Task details :: Transcribe the listing below verbatim, omitting pictures.

Information provided ::
-*-*-

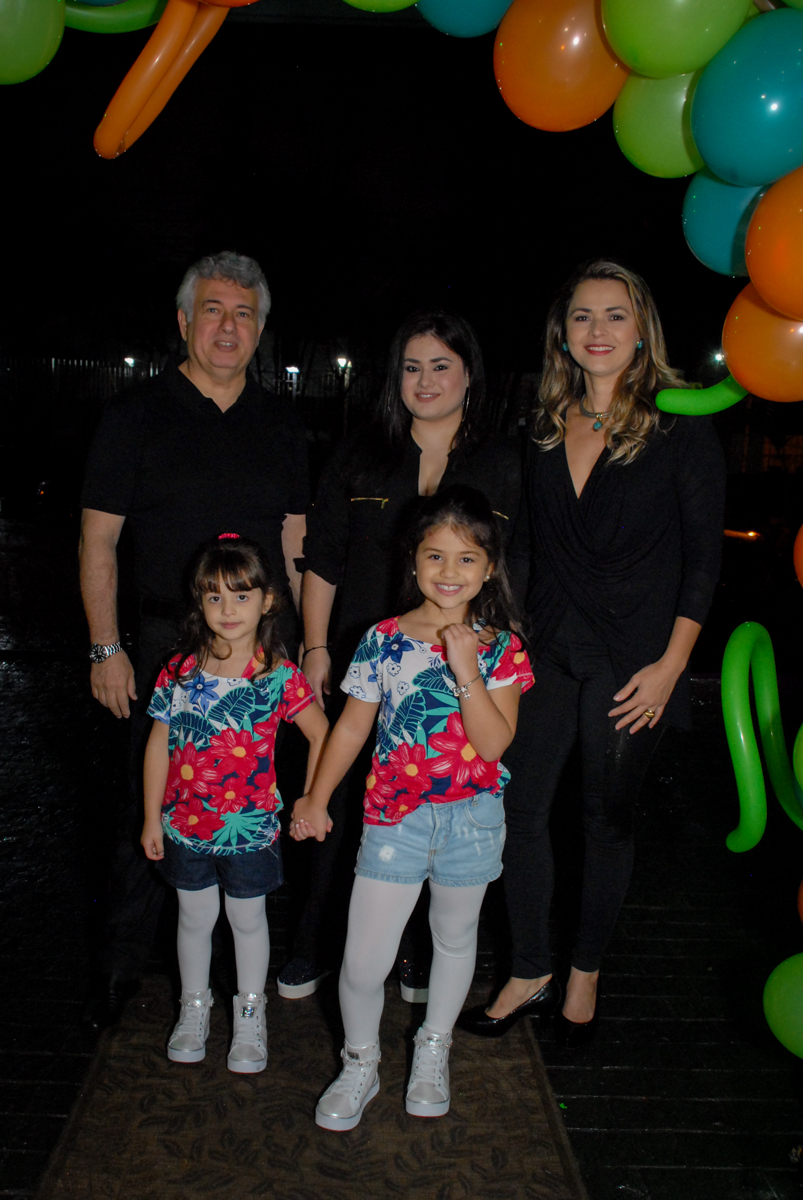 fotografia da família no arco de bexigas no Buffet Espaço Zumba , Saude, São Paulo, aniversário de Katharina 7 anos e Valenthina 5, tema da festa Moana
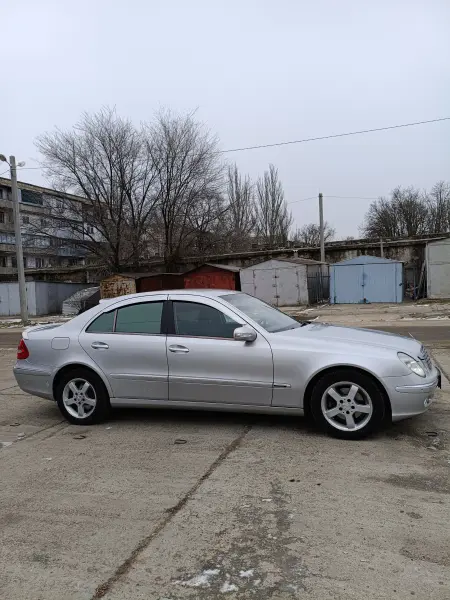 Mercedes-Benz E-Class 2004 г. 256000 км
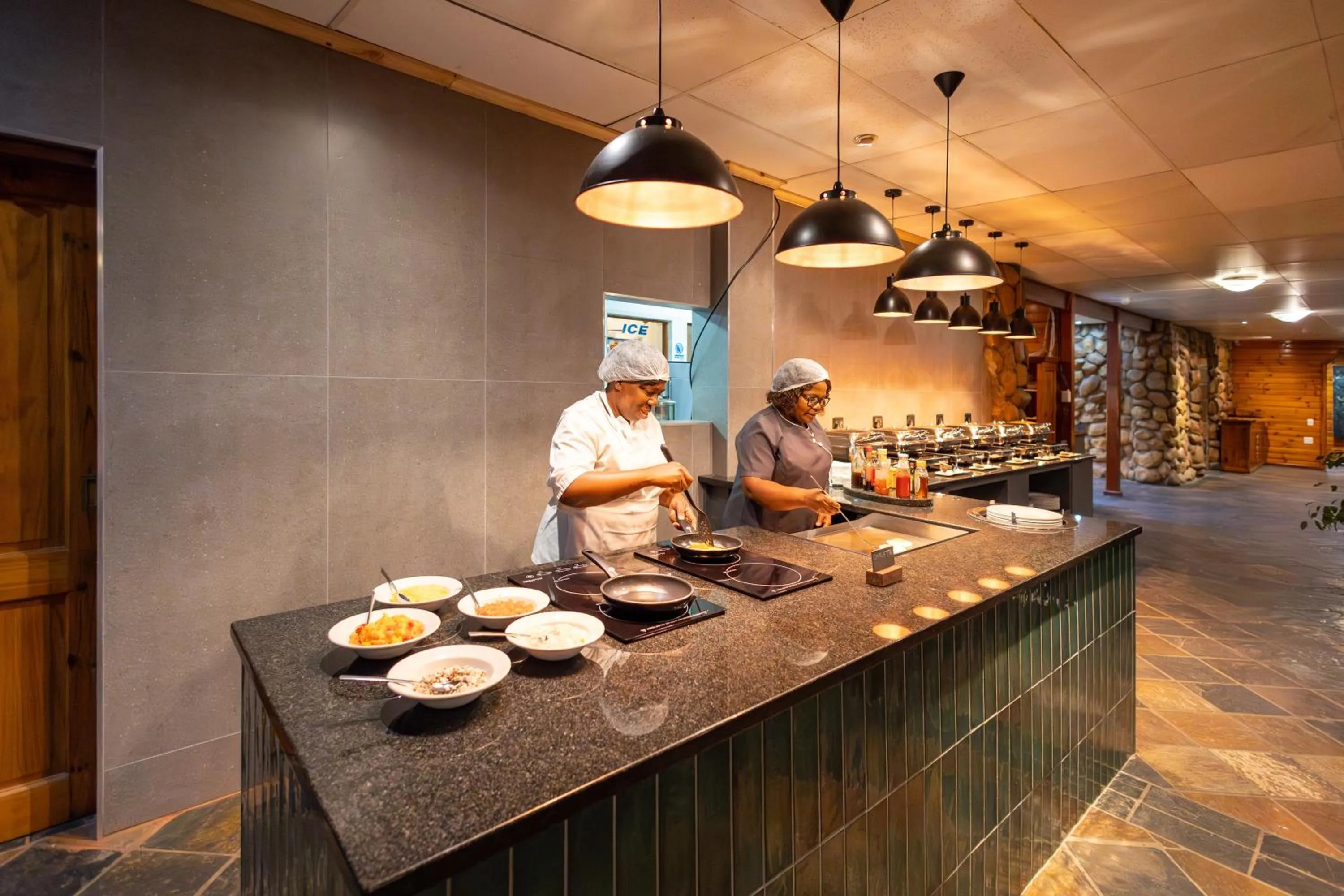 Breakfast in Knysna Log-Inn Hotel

-*-*-

Result of this exercise ::
 fotografia da família no arco de bexigas no Buffet Espaço Zumba , Saude, São Paulo, aniversário de Katharina 7 anos e Valenthina 5, tema da festa Moana
 Mercedes-Benz E-Class 2004 г. 256000 км
 Breakfast in Knysna Log-Inn Hotel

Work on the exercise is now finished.